What you're talking about doing is approaching what most people (who are experienced and have the "feel") would consider improperly maintained or repaired. And that will be their opinion based on experience.
There's always going to "look" like there is plenty of friction material left for machining. Its a chunk of plate that is centimeters thick that you're machining thousands of an inch off of. There's a reason the surface thickness isn't in a FSM- because no one has taken it down far enough with shims to necessitate writing that figure.
You can engineer your way to rationalization with all the math in the world, it comes down to what you're comfortable with doing. You don't have to convince me, you're convincing yourself.
If you trust the math, then shim it to your heart's content. No one will stop you.

I've seen pieces of flywheel the size of a nail go through a bell housing, linkage, hose, firewall and embed into the roof liner of a car. Experiences like that and lessons I've been taught guide where I put my trust. You take solace in math. So use your math and if it works, it works, if it doesn't, then youre on your way to generating your own "feel."

Roll the dice, or spend the money- one way or the other you'll learn something.
 
Perhaps I'm not explaining myself properly. Even with the step height at the proper value, which for many setups is between 0.608-0.612", every time you machine the flywheel down, it moves its friction surface away from the trans.

Keeping the step value correct just assures that the PP spring is within its proper working range between full engagement and full disengagement. But the flywheel's friction surface is still going to move further away from the trans with every machining and the TOB and fork will still need to move further towards the crank to disengage properly with sufficient room for the pedal to move towards the floor, at least 55mm for the 1G AWD's.

I suppose that you could partially compensate for this by bringing the step value closer to its upper limit. But you're probably going to run out of that after a machining or two and it'll change the engage/disengage points and feel.

Thus a very thin shim on the crank side of the flywheel. I'm not saying that it's a good idea, just that it would bring things back into alignment in this specific respect.

Look at it this way.
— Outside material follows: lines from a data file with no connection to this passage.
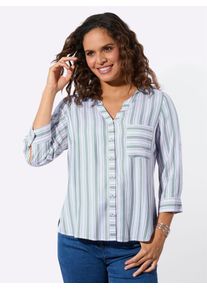 Funktionsbluse Casual Looks, Damen, Gr. 46, kalkmint, wei&szlig;, gestreift, 100% Viskose, gemustert, gestreift, Rundhals, Blusen Funktionsbluse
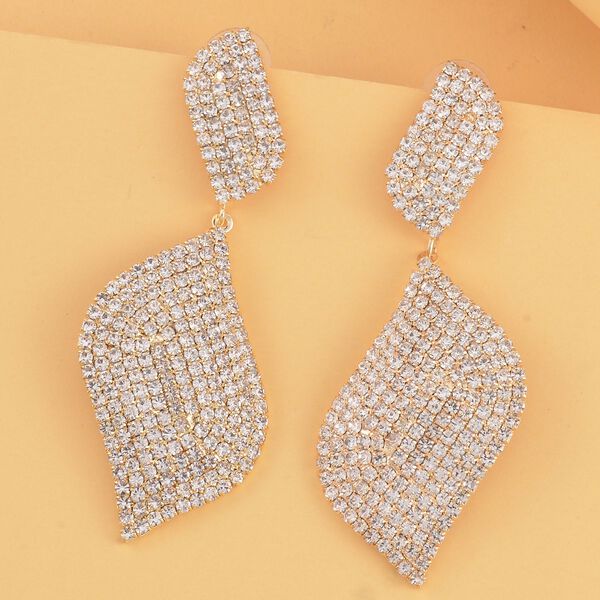 Blatt-Design Wei&szlig;e Kristall Chandelier Ohrringe, Nickelfreies Messing, goldfarben image number 1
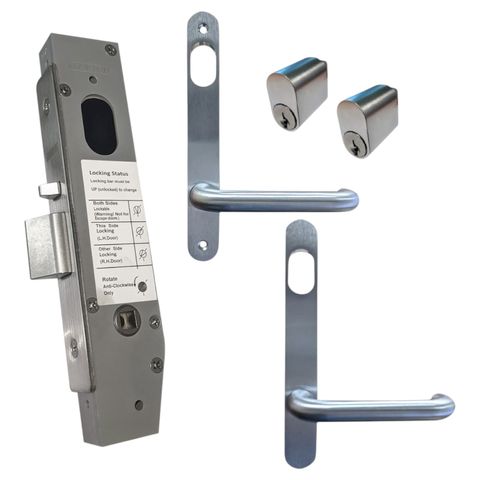 23mm Mortice Lock RND-KIT4 (DOUBLE CYL.) - Inc. Lock, RND END Furniture & Cylinders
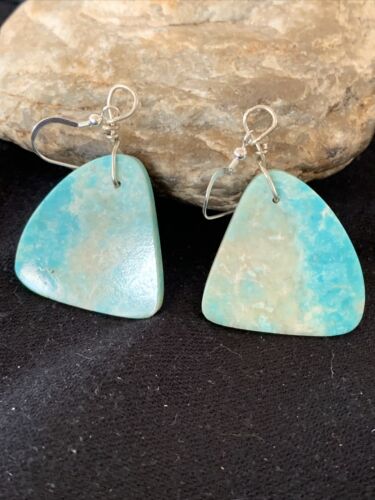 Southwestern Navajo Slab Turquoise Dangle Earrings | Sterling Silver | Authentic Native American Handmade | 1320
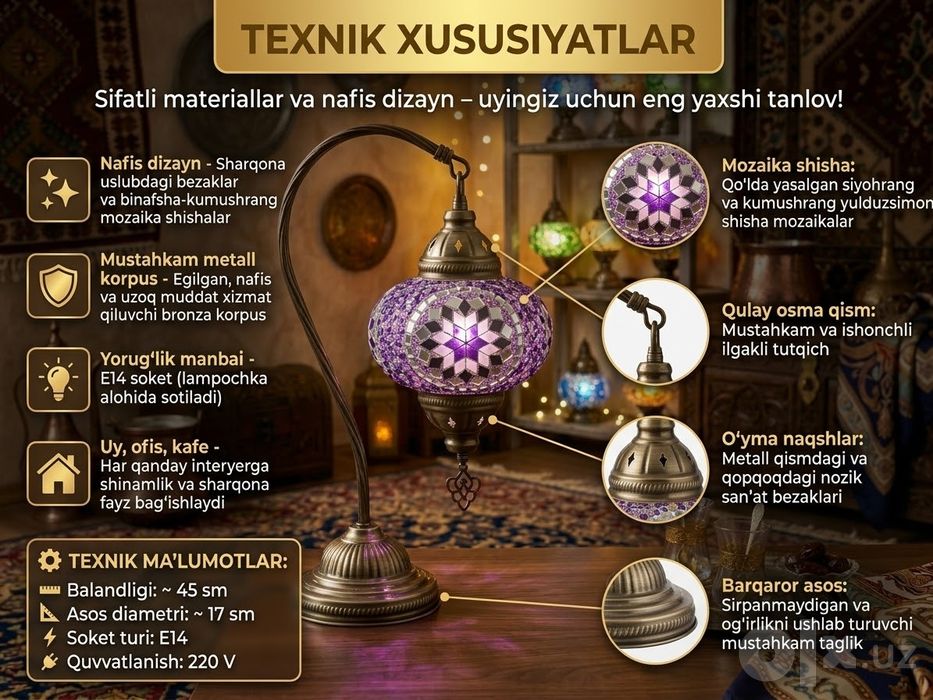 Turkiya Mozayka Svetilnik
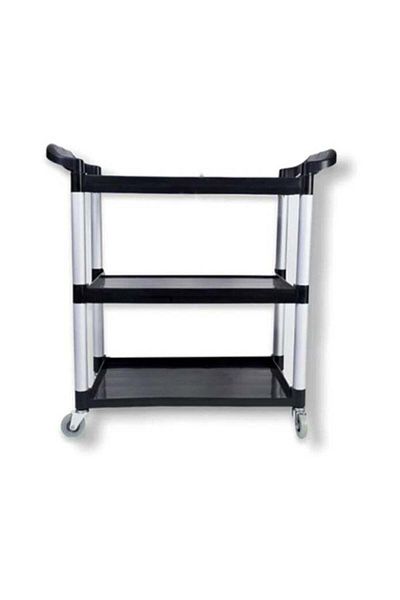 Generic Food serving cart with wheels 100X70X49 cm black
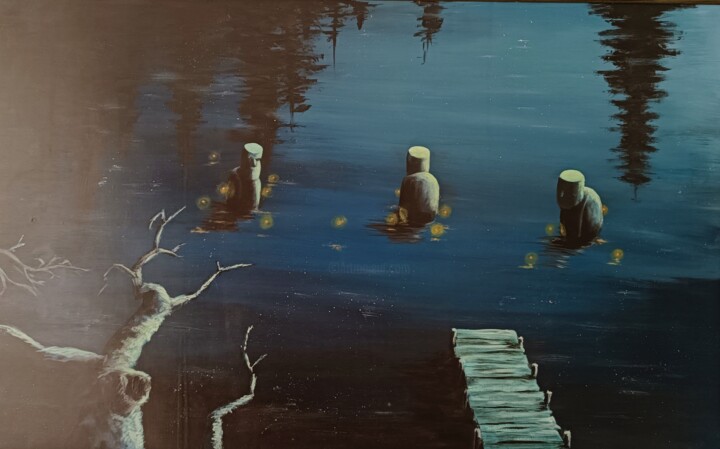 T'es-tu déjà retrouvé le soir au bord d'un étang ? 绘画, 27.6x43.3 in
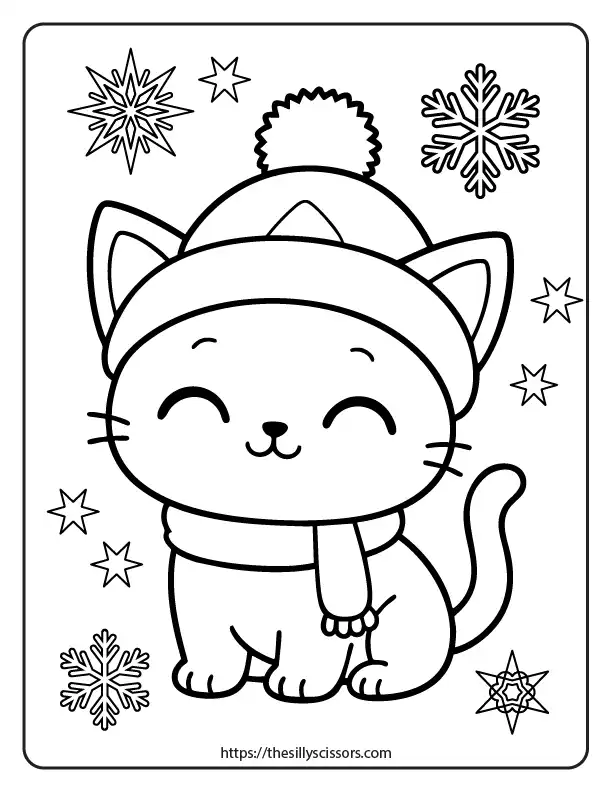 A kawaii Christmas kitten sitting happily in the snow, wearing a warm scarf and winter hat, with snowflakes falling around.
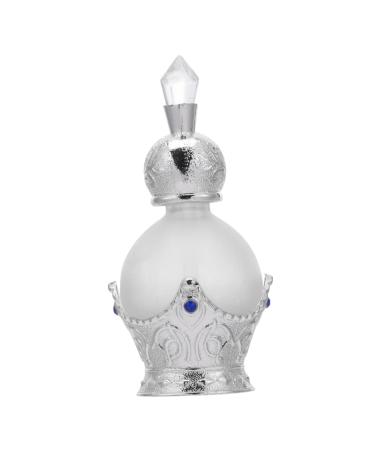 Housoutil Essential Oil Perfume Bottle Glass Rhinestones Retro Decor Crystal Decor Vintage Essential Oil Storage Airless Pump Jar Glass Perfume Bottle Frosted Essential Oil Bottle Travel 8.5x3.5cm Silver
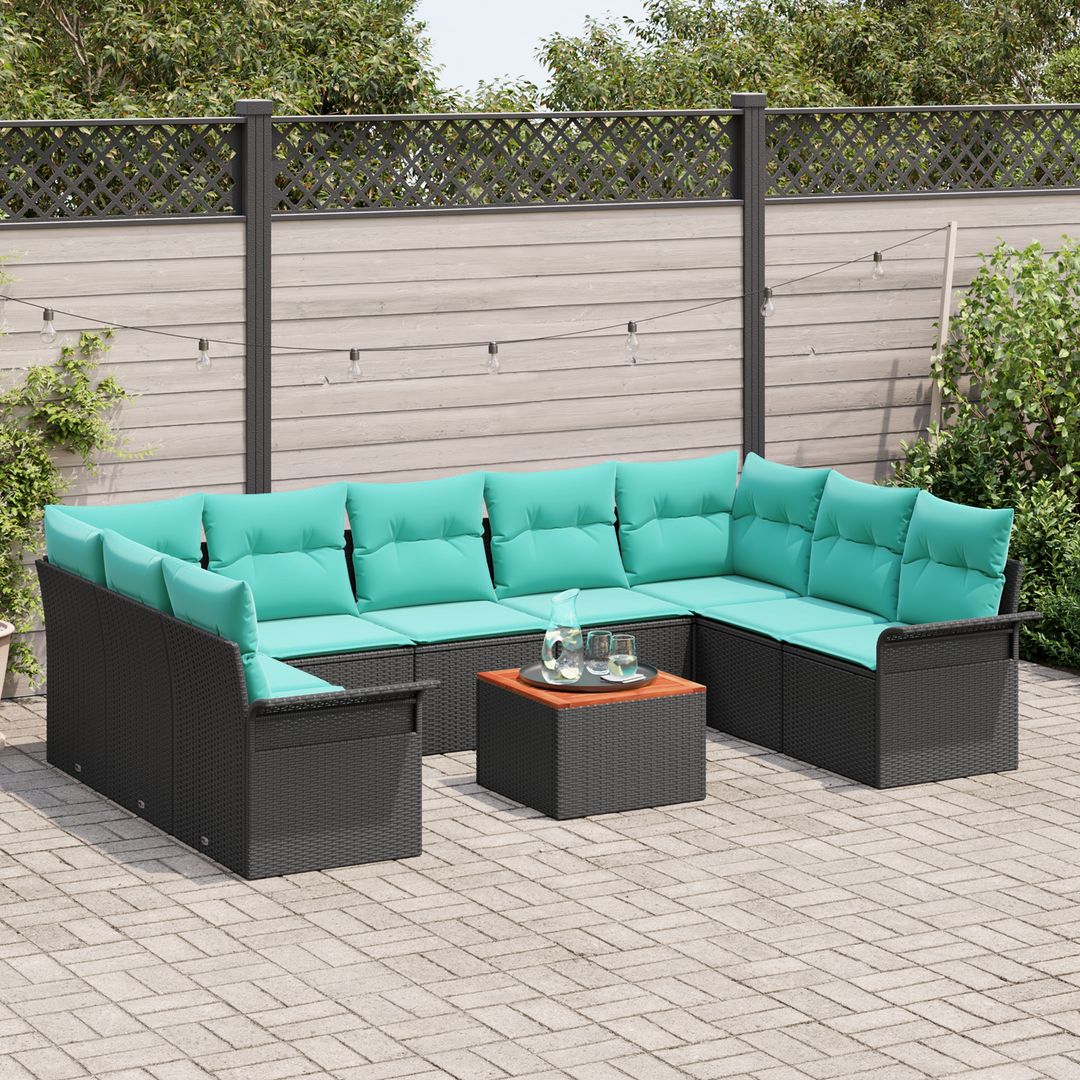 Havesofa Sæt med opbevaring 10 pcs Sort og turkis polyrattan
Here are the various relevant specs:

F: Distance of flywheel friction surface from crank plate
S: Step height (distance of flywheel friction surface from PP mount points)
C: Clutch disc thickness
K: Position of outer fork within trans opening under SS spring "preload"

We know that as the disc wears down, C decreases and K moves towards the passenger side. But this also happens each time the flywheel is resurfaced, assuming that S remains the same, because F decreases. At first this might not matter much, but as C approaches minimal thickness, it could potentially cause disengagement issues. A shim on the crank side, whatever other issues it might introduce, would fix this.

Note that a shim on the crank side of the flywheel would be linear, as opposed to a shim on the fulcrum, which changes things in an angular manner and is thus more complex to calculate.
Your last point is not correct. Shimmimg the fork is the same as shimming the flywheel. Both would move in the same plane as a straight line parallel along the axis of the crank. If one really wanted to control they would know the distance of the flywheel surfaces relative to each other and shim exactly how ever much is machined off. The distance is the measure of the friction surface to the crank mating surface. I think I would ignore the step height here unless it is significantly different than stock otherwise it's always with a general range as already mentioned. On a stock(ish) pressure plate it probably doesn't matter and it's also why I don't shim at all.
I also pay attention to hydraulics, measure without fail and if there any components I don't trust they are repaired or replaced.
 
The input shaft doesn't care about any of this you know. It has plenty of spline room. Resurfacing only moves the disk a fraction more away from the front bearing on the shaft.